Um es gleich klarzustellen: Der BUND will keineswegs im Namen der Wasserqualität die Olympischen Spiele nach Berlin holen. Historisch hoch belastet, viel zu teuer und so ziemlich das Gegenteil von Nachhaltigkeit. Das Ziel jedoch, die Stadtspree wieder beschwimmbar zu machen, ist sehr sinnvoll. Allerdings reicht es nicht, ein oder mehrere große Regenwasserreservoire zu bauen, vielmehr muss Berlin das Schwammstadt-Konzept konsequent umsetzen. Denn das hilft nicht nur gegen das Überlaufen der Mischkanalisation, sondern auch beim zentralen Wasserproblem Berlins: der Trockenheit.
Mit Brandenburg bildet Berlin eine der bundesweit trockensten Regionen, daran ändern der Seenreichtum und ein paar Wohnviertel mit hohem Grundwasserstand nichts. Um die wachsende Bevölkerung mit Trinkwasser versorgen zu können und gleichzeitig die Stadtnatur von den Straßenbäumen über die Kleingewässer und Moore bis zu den Wäldern zu erhalten, müsste so viel Niederschlag wie möglich zurückgehalten werden. Sonst verschwindet er in der Kanalisation und letztlich in der Nordsee. Zwar wirbt seit 2018 die Berliner Regenwasseragentur für Gründächer, Regentonnen und Versickerungsflächen, doch angesichts der Problemdimension ist das nicht mehr als ein Tropfen auf den heißen Stein. Und die Wasserbetriebe fördern unverdrossen mehr Grundwasser, als Moore und Wälder vertragen. Damit verstößt Berlin gegen FFH- und Wasserrahmenrichtlinie, also gegen zwingendes Naturschutzrecht. Seit 28 Jahren arbeiten die Wasserwerke Friedrichshagen, Tegel, Spandau und Beelitzhof ohne förmliche Zulassung.

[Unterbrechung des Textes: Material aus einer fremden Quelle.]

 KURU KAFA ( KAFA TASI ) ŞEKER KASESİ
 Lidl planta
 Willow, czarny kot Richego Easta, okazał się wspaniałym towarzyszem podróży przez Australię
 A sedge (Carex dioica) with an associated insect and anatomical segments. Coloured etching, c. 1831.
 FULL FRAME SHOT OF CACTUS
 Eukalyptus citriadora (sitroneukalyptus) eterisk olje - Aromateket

Probleme anpacken, nicht nur benennen
2022 hatte Rot-Grün-Rot einen „Masterplan Wasser“ mit 32 Maßnahmen verabschiedet, den auch die neue Umweltsenatorin Ute Bonde (CDU) umsetzen will. Er analysiert durchaus die Probleme, schwächelt aber bei den Maßnahmen. Einige von ihnen sind grundsätzlich richtig, bleiben aber vage und unwirksam. So will der Plan in Dürrephasen die Wasserentnahme begrenzen, legt aber keinen Mechanismus dafür fest. Das Mischwassersanierungsprogramm geht weiter, aber mit bescheidenen Zielen – auch nach seiner Umsetzung wird die Kanalisation bei Starkregenereignissen regelmäßig in die Spree überlaufen. Andere Maßnahmen schaden der Natur, wenn die Wasserförderung intensiviert oder Optionen zur Trinkwasserversorgung Berlins aus anderen Bundesländern erkundet werden sollen – auf Kosten der dortigen Natur.

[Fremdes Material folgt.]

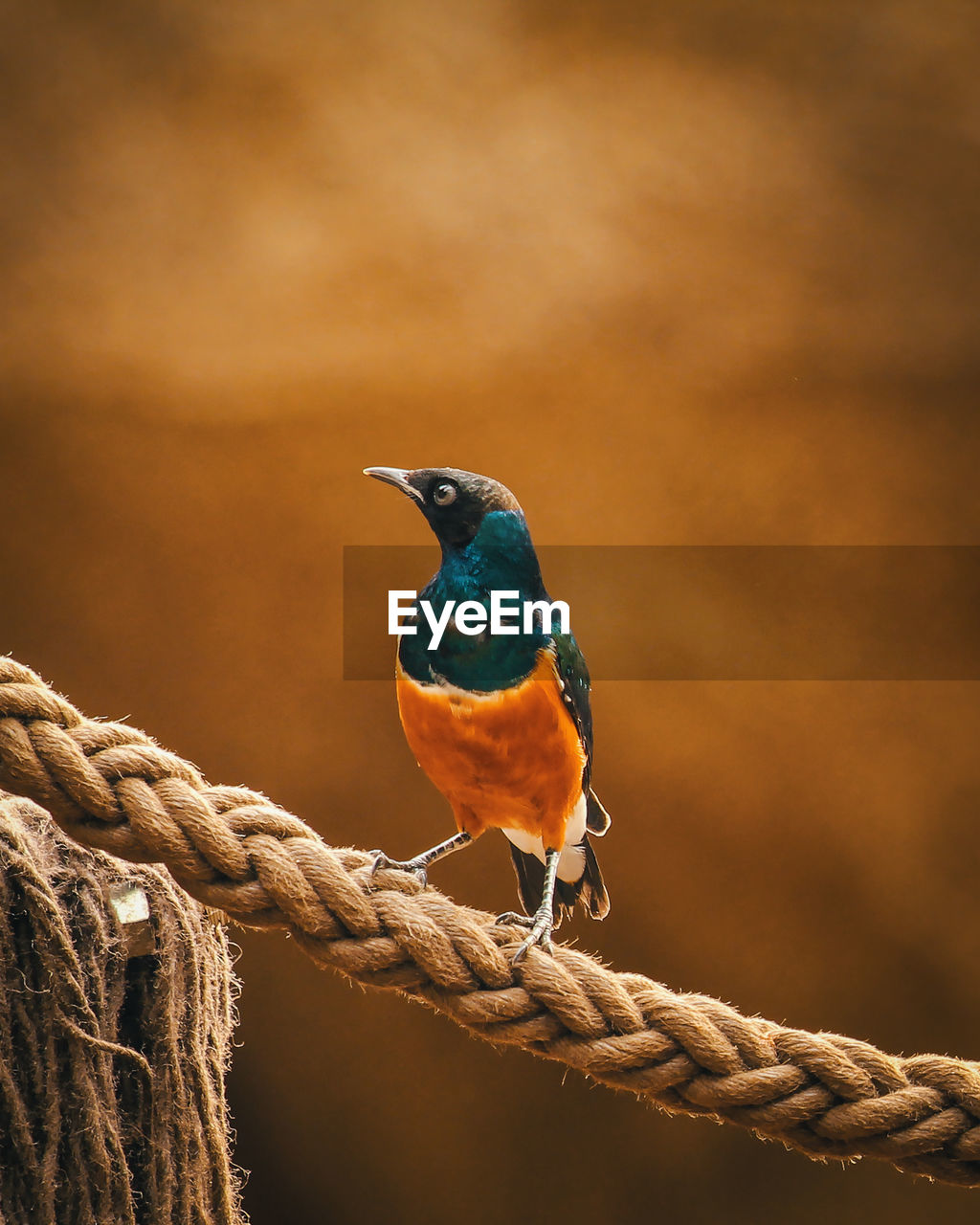 Close-up of bird perching on rope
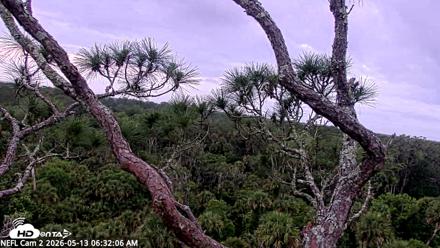 NE Florida Eagles Live Webcam - May 13, 2026, 6:33am EDT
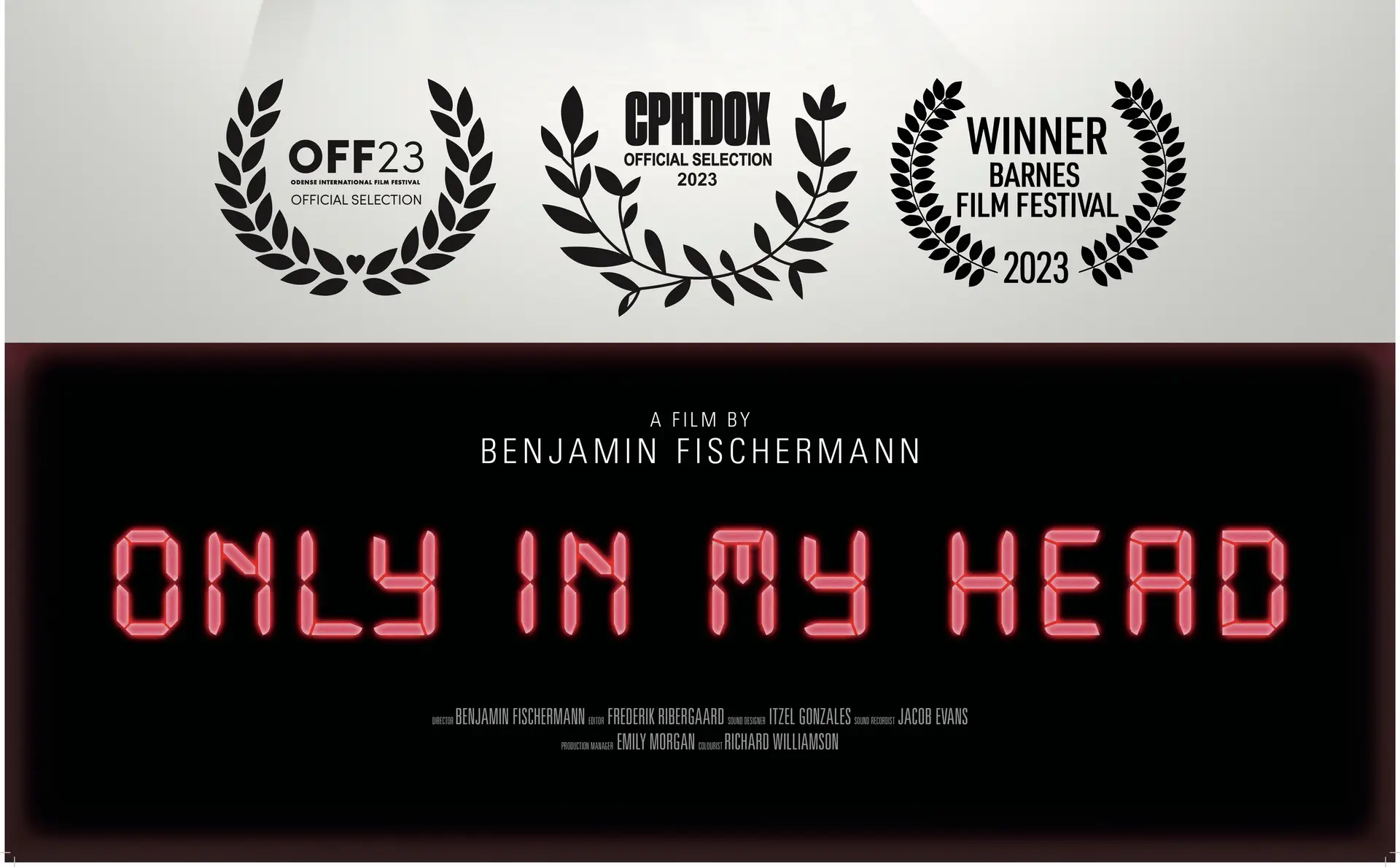 Only in my Head documentary movie poster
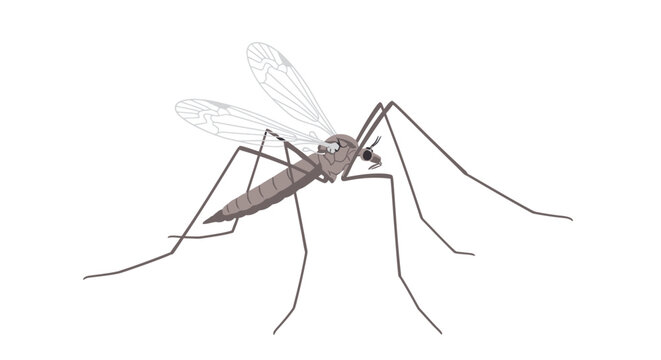 Isolated vector illustration of a mosquito insect with wings and long legs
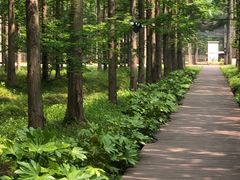 -黄海国家森林公园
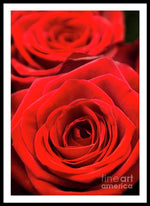 Load image into Gallery viewer, Red Roses - Grand Prix - Framed Print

Die schönsten Masterpläne helfen nichts, wenn die Politik das Wasserproblem nicht bei seinen drei Wurzeln anpackt. Erstens schränkt die ungebremste Flächenversieglung die Grundwasserneubildung stark ein. Deshalb braucht es eine echte Bau- und Verkehrswende: umbauen statt neu bauen, Autostraßen und Parkplätze rückbauen statt ausbauen, so viel Boden wie möglich entsiegeln. Zweitens fehlt ein System zur Grauwassernutzung. Verwendete man Dusch- und Küchenspülwasser für die Toilettenspülung, ließe sich der Trinkwasserverbrauch um mindestens 30 Prozent senken. Drittens ist der Verbrauch angesichts der begrenzten Ressourcen schlicht viel zu hoch. Dagegen helfen höhere Wasserpreise. Das bedeutet nicht, Trinkwasser zum Luxusgut zu machen. Sehr wohl wären aber spürbare Preisanhebungen jenseits eines angemessenen Grundverbrauchs sinnvoll. Es gibt kein Grundrecht darauf, mit kostbarem Trinkwasser den Garten zu gießen oder den Swimmingpool zu füllen, während Regenwasser ungenutzt von der Dachrinne in den Abfluss läuft.
Gerechte Gebühren
Der BUND fordert: Vor allem die Großverbraucher müssen endlich angemessene Wasserpreise zahlen! In Brandenburg zahlt der größte Verbraucher, der Braunkohlekonzern LEAG, für die weit über 100 Millionen Kubikmeter Grundwasser, die er jährlich aus den Tagebauen abpumpt und mit Eisenocker und Sulfat verschmutzt in die Spree abgibt, exakt null Cent. Und wenn die Landwirtschaft die Oberflächengewässer anzapft, um Felder zu bewässern, tut sie das ebenfalls kostenlos.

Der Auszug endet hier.